Ce qui s’est passé ensuite est arrivé à une vingtaine de milliers de jeunes filles et femmes nigérianes au Mali, d’après l’Agence nationale du Nigéria pour l’interdiction de la traite des personnes (NAPTIP). Quand elle a fini par épuiser toutes ses économies, Loveth n’a eu d’autre choix que de se prostituer pour payer l’argent de sa rançon. 

« J’avais réussi à payer la moitié avant de m’enfuir », ajoute-t-elle. Loveth n’avait toujours pas récupéré son passeport lorsqu’elle s’est enfuie de chez la « madame ». 

Aujourd’hui, elle travaille en tant que serveuse dans un bar détenu par une survivante de traite nigériane qui s’est établie hors de Koflatiè. Elle prévoit de rester au Mali pour l’instant mais espère retourner chez elle pour redémarrer à zéro. 

Les premiers récits du personnel de l’OIM révèlent que Loveth fait partie de milliers de filles nigérianes vulnérables à la traite et à l’exploitation sexuelle dans les zones d’extraction minière artisanale du Mali. Les équipes de l’OIM ont appris que bon nombre de ces victimes sont mineures et qu’elles ont été dupées par de fausses promesses d’un travail légal au Mali ou d’un périple vers l’Europe. 

La servitude est une méthode couramment utilisée par les trafiquants pour forcer leurs victimes et exercer un contrôle sur elles. Certaines, comme Loveth, sont victimes de servitude pour dette. Mais d’autres se retrouvent coincées après la confiscation de leurs documents de voyage. D’autres après des rituels vaudou, par lesquels les victimes de traite sont forcées à signer un contrat moral avec les trafiquants qui financent leur périple. 

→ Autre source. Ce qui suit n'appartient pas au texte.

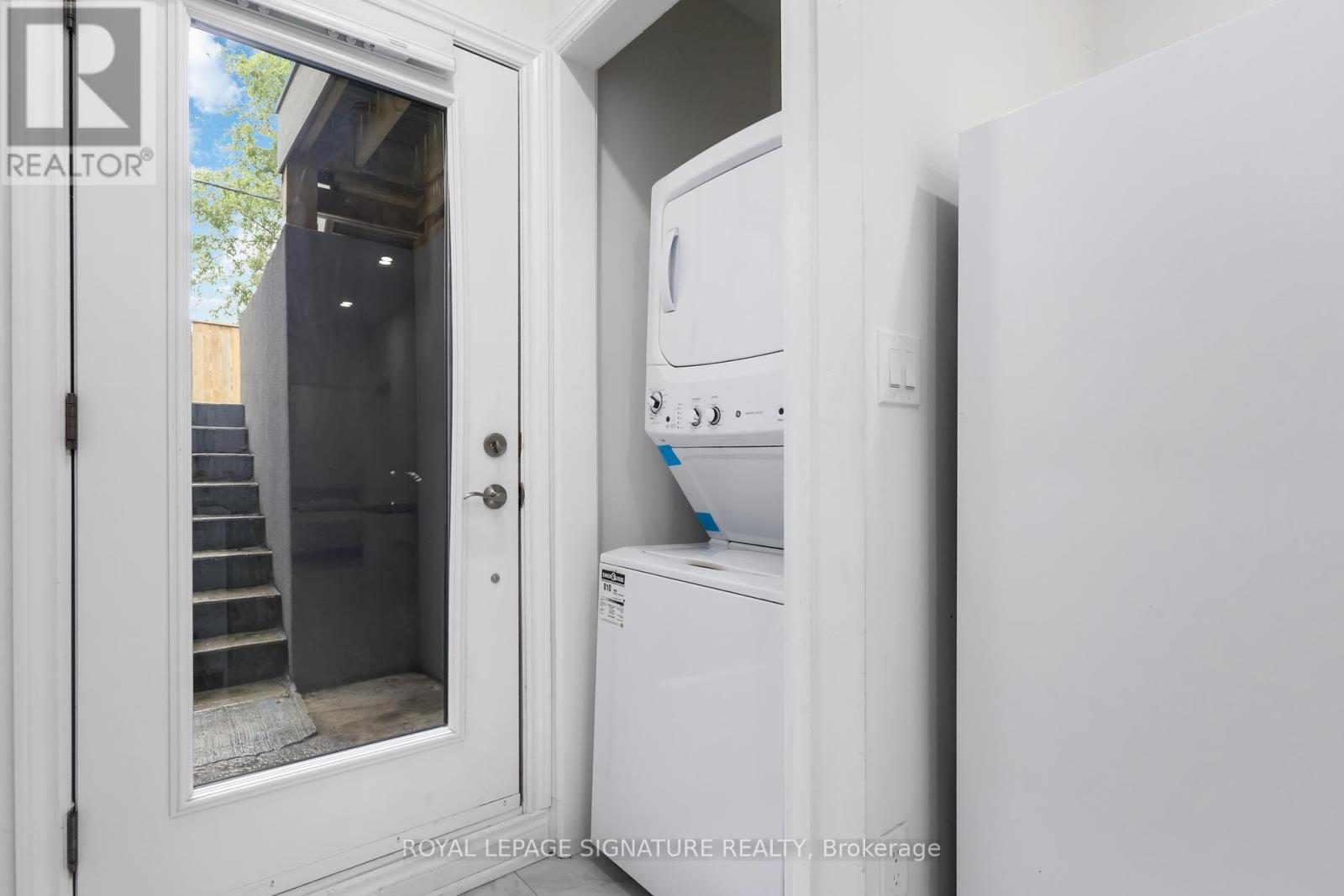 Single Family House for Sale in  BYNG AVENUE Toronto (Oakridge)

Le contrat est scellé par un prêtre spirituel ou « médecin indigène » à qui les victimes promettent de ne jamais dénoncer leurs trafiquants à la police, d’obéir à leur « madame » et de s’acquitter entièrement de leur dette. Les victimes vivent ainsi dans la peur constante de représailles - notamment leur mort ou celle d’un proche - si elles échouent. 

Pour les victimes amenées en Europe, en particulier en Italie, la dette peut atteindre 50 000 euros. 

La tendance de traite de jeunes filles du Nigéria à des fins d’exploitation sexuelle se reflète dans les derniers rapports de l’OIM sur la traite d'êtres humains le long de l’itinéraire de la Méditerranée centrale. 

En 2017, sur les 119 000 migrants arrivés en Italie, 18 185 étaient nigérians, dont 5 425 étaient des femmes. D’après l’OIM en Italie, 80 pour cent de ces femmes étaient des potentielles victimes de traite et 94 pour cent provenaient de l’Etat d’Edo. 

Cette année, pour combler le manque de données sur l’exploitation des migrants dans les mines, l’OIM réalise une étude sur la migration vers les exploitations de mines d’or au Mali et dans d’autres pays d’Afrique de l’Ouest, financée par le Département britannique pour le développement international (DFID). Les conclusions aideront l’OIM à mieux comprendre les dynamiques migratoires relatives aux activités d’extraction d’or dans la région et à fournir aux parties prenantes des données factuelles pour éclairer leurs politiques, stratégies et interventions.